Toni: I am doing great. How are you doing?
Cathy: I’m well.
Toni: Good. So, Cathy, take a moment and tell us just a little bit about yourself.
Cathy: Well, I am a displaced Philadelphia area girl living in the Elverson/Morgantown area for 29 years. I am getting used to it now. I’m a freelance writer, musician (jazz), and I like to work. I do various jobs just for fun and just to meet people. Love my kids, love my husband, and just like life.
Toni: That sounds perfect to me. Absolutely. Alright. Shall we jump into the Project?
Cathy: Let’s do it.
Toni: Okay. What does inspiration mean to you?
Cathy: Well, when I got the information about this, I’d been thinking about it. I think what inspiration means to me is looking into each day and seeing valuable things in an ordinary life, and walking away from that and saying, “That was a good thing,” because you can go through an entire day and think it was just not even a good day, but there’s always good moments in every single day, if you just take a moment and say, “Mmm. That was pretty good.”
Toni: Those valuable moments, are they the ones that inspire you?
Cathy: They kind of are, yeah. There’s things that I don’t know if other people even see them, but sometimes I do. I thought about this. I write a lot of stories, and I started out as a trade writer, like trade magazines. I would have to write about things, and I would say to people, “You wouldn’t even be interested,” but I would go and talk to these people, and they were so interesting, because they were interested in what they were doing. I would come away from that interview or that session with somebody being inspired, because they were inspiring, because they were interested in what they were doing, which you would walk away and think, “No one else would even care, but they care.” They care so much, that I’m inspired by them. You look at people and you think, “I don’t know anything about that person, but I wonder what it is that makes them tick?”
Toni: It’s like a curiosity.
Cathy: It is. It’s fascinating. Everybody has their little life, but everybody has something.
Toni: When was the last time you were inspired?
Cathy: I’m writing a story right now for Berks County Living, and I think that’s how you and I connected. It’s about mustard.
Toni: Mustard.
Cathy: Yeah. I have to finish the story, but I went up to talk to the guy, and he’s just totally into what he’s doing. He has a vision. He wants to be bigger than I thought he even thought he could be. Yeah. You just go, “I’m going to do this story about mustard,” and he was really inspiring.
Toni: So, how do you take that curiosity, that inspiration when you’re doing a story or you’re noticing something that you find value in, and put that into practice here in Berks County?
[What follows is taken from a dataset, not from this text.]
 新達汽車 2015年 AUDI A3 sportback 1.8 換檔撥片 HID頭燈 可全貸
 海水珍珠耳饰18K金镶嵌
Cathy: Just in my interactions with other people. Everybody I feel has been given — maybe not in a dramatic sense — but everybody has to have a second chance or is given a second chance, and I’ve had second chances also. I look at my own interactions with people sometimes, and I fail. We all do, sometimes. I think, “How could I be better?” Then, especially I think about the people that are in my life like my family, my kids, the people that have been with me the longest, and I think about…I just take a step back sometimes when I’m interacting with others or doing what I do and think, “How do I want to be thought of?”
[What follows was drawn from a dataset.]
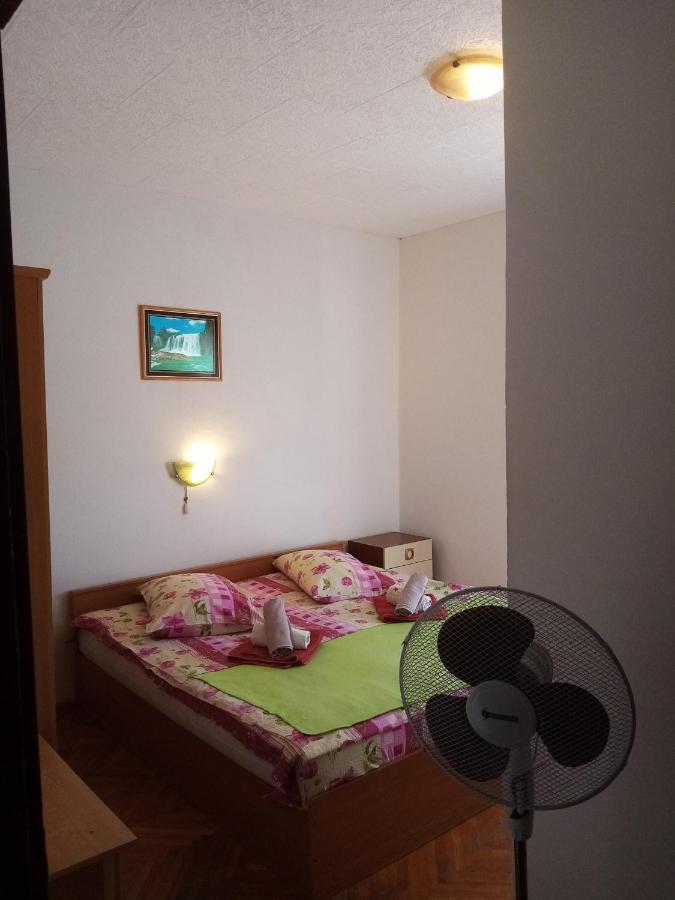 לופאר Apartments "Sun-Sea" מראה חיצוני תמונה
Maya Angelou said it. “It’s not what you say. It’s how you make people feel.” There are just little snippets that you can go along the way and think about that, because sometimes you’ll go away from something and say, “Ah. I wasn’t so good at that.” Then you can take from other people and say, “That’s how I want to be.”
Toni: So, you’re really learning and building character along the way as you are inspired?
Cathy: Exactly.
Toni: Have you ever heard the phrase, “We teach what we need to learn?”
Cathy: Sometimes, yeah.
Toni: Yeah. I love that. That’s what that reminds me of. Who in Berks County inspires you?
Cathy: Actually, I can't pick out individual people, but local musicians. Chris Burkholder is one. He’s down in Morgantown. Local musicians who put themselves out there. They’re fascinating and they’re fabulous, and they’re putting themselves out there in live shows and performing. Maybe never going to be on MTV or they’re not going to be nationally known, but they’re just so talented and so good at what they do, and they’re honing their craft every day, and giving us the gift of what they do. I’m always inspired by that.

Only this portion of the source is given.